The Vetrino–Isaccea–Yuzhnoukrainsk powerline is the third 750 kilovolts powerline running from Ukraine to the European Union.

History
Construction of a 750 kV powerline from Ukraine through Romania to Bulgaria was agreed on together with construction of the South Ukraine Nuclear Power Plant. The agreement was signed in Moscow in 1982 by the electrical industry ministers of the Soviet Union, Romania and Bulgaria. The powerline started operating in 1986 and it was completed in 1988.

Route
The powerline starts in Bulgaria at Vetrino (Suvorovo) substation near Varna and runs northward.
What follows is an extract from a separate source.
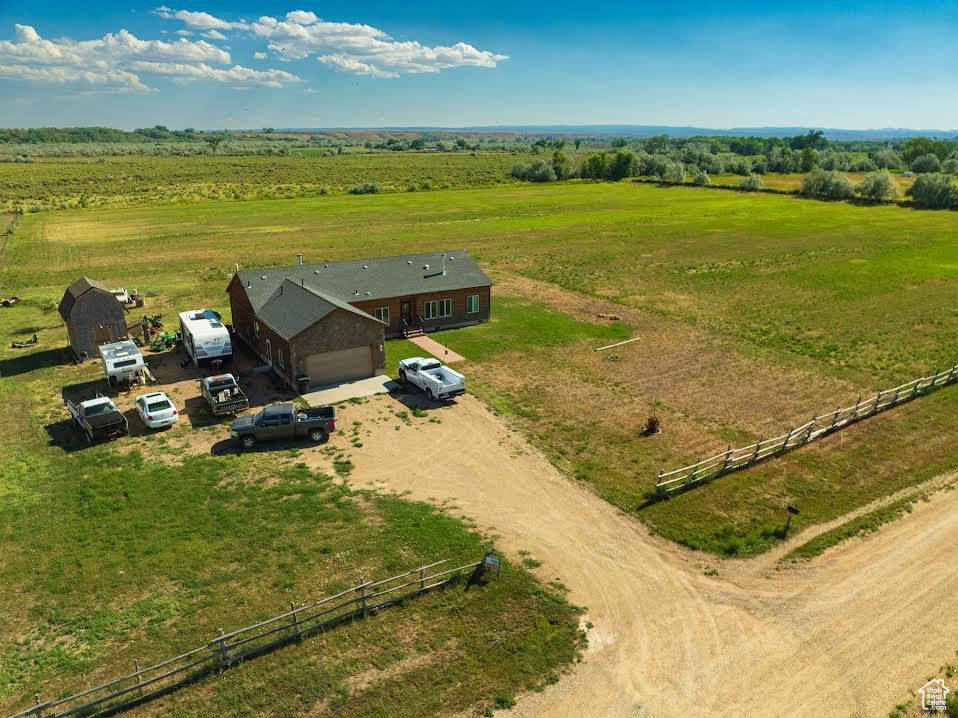 Horse Property!! Between Myton and Bridgeland! Very private 9.08 fenced acres with 10 shares BIA water! Flood Irrigated, currently in grass hay. The home has 4 bedrooms and 2 baths! It is an open floor plan with central living, dining, kitchen, and family room! It is heated with electric forced air and also has a fireplace in the living room and a woodstove in the family room. The master bedroom/bathroom is large and in the southeast corner of the home for lots of sunshine! The living room opens on to a nice big patio outside for barbecues and parties in the back yard! The attached 2 car garage has plenty of floor space, room for workbenches, and extra height for some storage! The property is near the Duchesne River and attracts all kinds of wildlife! Give us a call!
In Dobrudja it crosses the border between Romania and Bulgaria and terminates at Isaccea substation in Romania. From there the line crosses Danube River, which forms the border between Ukraine and Romania in a 938 metres long span on two 118 metres tall delta pylons situated east of Isaccea and runs than to Yuzhnoukrainsk substation situated just north of South Ukraine Nuclear Power Plant.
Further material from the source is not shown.